BEGIN Records for this exercise
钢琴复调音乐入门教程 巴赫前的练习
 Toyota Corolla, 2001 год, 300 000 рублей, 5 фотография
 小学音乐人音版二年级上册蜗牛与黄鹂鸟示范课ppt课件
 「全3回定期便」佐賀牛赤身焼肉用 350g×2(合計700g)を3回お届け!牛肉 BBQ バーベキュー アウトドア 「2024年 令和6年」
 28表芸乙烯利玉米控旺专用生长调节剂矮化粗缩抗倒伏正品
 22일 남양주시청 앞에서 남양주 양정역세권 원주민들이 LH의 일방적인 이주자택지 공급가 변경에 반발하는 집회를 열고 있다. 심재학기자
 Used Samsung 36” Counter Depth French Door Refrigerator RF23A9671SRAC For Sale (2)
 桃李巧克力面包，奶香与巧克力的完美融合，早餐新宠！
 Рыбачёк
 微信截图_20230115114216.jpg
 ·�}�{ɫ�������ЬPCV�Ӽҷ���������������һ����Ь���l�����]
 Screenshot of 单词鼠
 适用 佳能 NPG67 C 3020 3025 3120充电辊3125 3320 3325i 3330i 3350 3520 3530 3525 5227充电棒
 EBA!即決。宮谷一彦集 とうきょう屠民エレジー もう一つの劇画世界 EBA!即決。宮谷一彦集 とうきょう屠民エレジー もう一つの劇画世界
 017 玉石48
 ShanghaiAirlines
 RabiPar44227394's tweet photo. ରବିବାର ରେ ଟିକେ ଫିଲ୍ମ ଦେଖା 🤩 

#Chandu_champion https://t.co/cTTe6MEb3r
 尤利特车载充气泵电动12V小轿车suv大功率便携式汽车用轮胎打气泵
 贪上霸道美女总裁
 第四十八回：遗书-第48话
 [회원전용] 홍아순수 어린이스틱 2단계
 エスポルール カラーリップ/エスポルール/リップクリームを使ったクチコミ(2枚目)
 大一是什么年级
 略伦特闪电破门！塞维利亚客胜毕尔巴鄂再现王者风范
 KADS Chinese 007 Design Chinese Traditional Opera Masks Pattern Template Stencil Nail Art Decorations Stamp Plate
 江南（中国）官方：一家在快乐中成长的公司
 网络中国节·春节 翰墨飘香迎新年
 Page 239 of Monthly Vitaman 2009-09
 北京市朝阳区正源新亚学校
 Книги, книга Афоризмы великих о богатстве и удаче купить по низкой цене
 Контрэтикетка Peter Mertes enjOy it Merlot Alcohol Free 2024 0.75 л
END Records for this exercise
(The problem): Please retype the top of the data exactly, down to and including the line that holds "Screenshot of 单词鼠", and nothing further.

(Result of the task):
钢琴复调音乐入门教程 巴赫前的练习
 Toyota Corolla, 2001 год, 300 000 рублей, 5 фотография
 小学音乐人音版二年级上册蜗牛与黄鹂鸟示范课ppt课件
 「全3回定期便」佐賀牛赤身焼肉用 350g×2(合計700g)を3回お届け!牛肉 BBQ バーベキュー アウトドア 「2024年 令和6年」
 28表芸乙烯利玉米控旺专用生长调节剂矮化粗缩抗倒伏正品
 22일 남양주시청 앞에서 남양주 양정역세권 원주민들이 LH의 일방적인 이주자택지 공급가 변경에 반발하는 집회를 열고 있다. 심재학기자
 Used Samsung 36” Counter Depth French Door Refrigerator RF23A9671SRAC For Sale (2)
 桃李巧克力面包，奶香与巧克力的完美融合，早餐新宠！
 Рыбачёк
 微信截图_20230115114216.jpg
 ·�}�{ɫ�������ЬPCV�Ӽҷ���������������һ����Ь���l�����]
 Screenshot of 单词鼠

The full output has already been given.